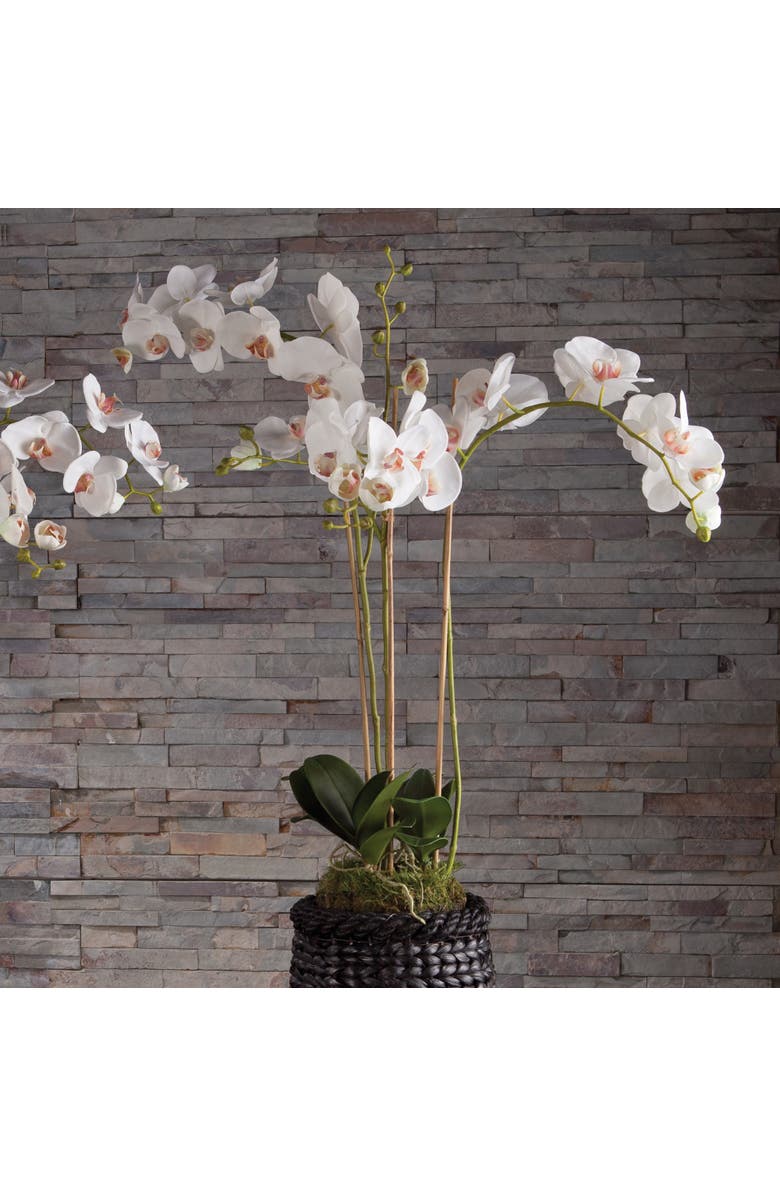 Napa Home & Garden Phalaenopsis Orchid Faux (Fake) Drop-In 31", Alternate, color, White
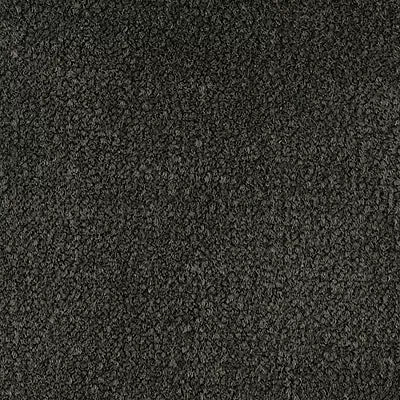 Color Study 36 BC575 - 12 ft Broadloom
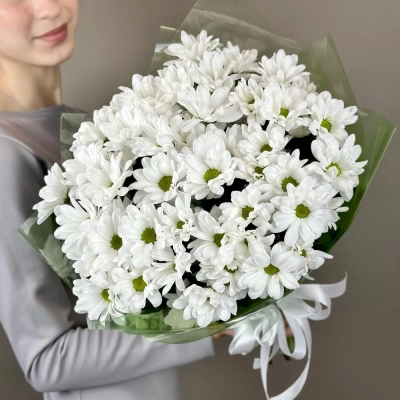 Букет «Мечты о лете» – свежесть белых хризантем Апатиты Мурманская область
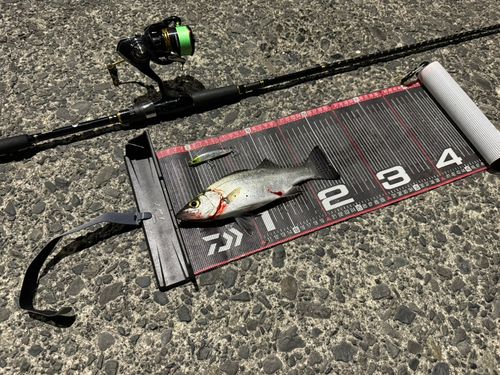 ヒラスズキの釣果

» **Your instructions**
Once the pictures are set aside, repeat the data above exactly.

» **Your solution**
 Napa Home & Garden Phalaenopsis Orchid Faux (Fake) Drop-In 31", Alternate, color, White
 Color Study 36 BC575 - 12 ft Broadloom
 Букет «Мечты о лете» – свежесть белых хризантем Апатиты Мурманская область
 ヒラスズキの釣果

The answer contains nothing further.